Really, rather than the weather, we should be wondering about blue cheese cheesecakes - the recipe we're testing is the Stilton Baby Blue Cheesecakes from the Baking Bible. What an odd concept. Apparently savoury desserts are a trending thing (thanks to Jeniffer for this news). This trend passed me by and I have to say it doesn't really appeal to me.

However Rose gives a variation for a savoury version which has double the cheese. I made this version and cut out most of the sugar. I made tiny hors d'oeuvres size and ate them with bitter greens. They were very creamy and strongly blue cheese tasting with a nuttiness from the walnut base. I did enjoy them and they would probably make an interesting starter with some bitey rocket and tart apple, when served to the right crowd.

I only made half the recipe this week and cheated by using walnut crumbs instead of halves. This means I didn't have to try and get the skin off after toasting them in the oven. It's a job everyone seems to hate.

You'll have to excuse the yellowy night-vision photos. The toasted walnuts are pulverised and then pressed into the tin. I used a baking tin that I think I bought because I might need day. And I did. It is the perfect size for hors d'oeuvres-size baking. I was a bit chuffed with my paper lining technique and they did work well when I went to get the little blighters out once they were cooked. I'm not the kind of careful person who can turn something delicate out of a tin with any great success without some technological assistance.

The next part of the recipe is just as easy.
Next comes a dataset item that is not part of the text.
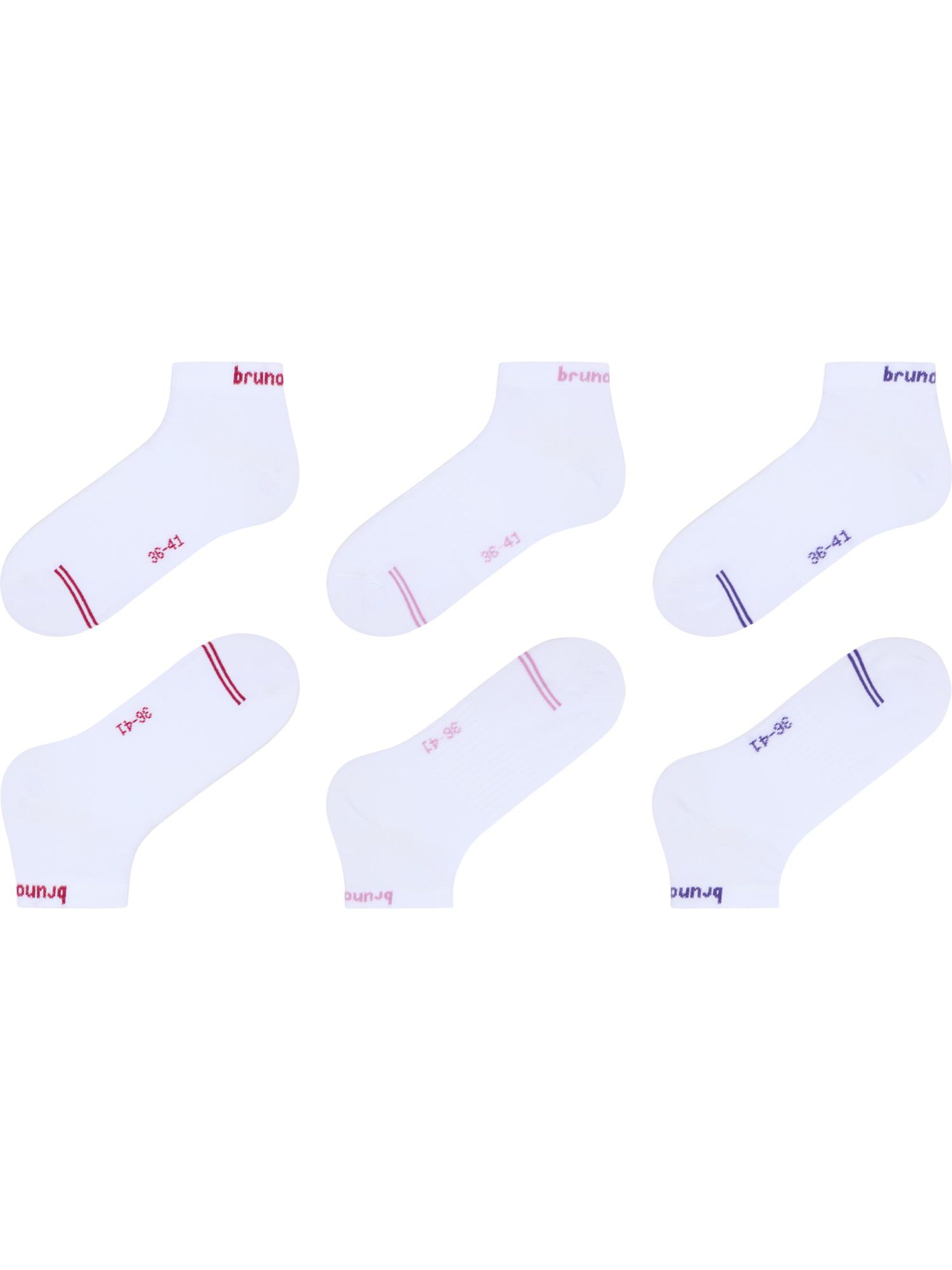 Chaussettes 'Delacruz' Bruno Banani en blanc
You cream the cream cheese with some cornflour and sugar (although I used only half a tablespoon of sugar). Then you add the green slime to the cream cheese mixture... It doesn't look too good but it's just temporary and I love blue cheese so I wasn't put off by this rather snotty step in the recipe (it's actually the blue cheese mashed into some sour cream).

Then you mix it until it's smooth which takes longer than you think and then add egg and mix again.

The light is really bad in this photo but you can see that I've poured the blue cream cheese mix into the tin. I tasted the mixture at this stage and was 1. a bit alarmed and 2. regretting putting any sugar in at all.

I had some walnuts and mixture left over so I made a slightly larger cheesecake. 

I really wish this one was lemon cheesecake.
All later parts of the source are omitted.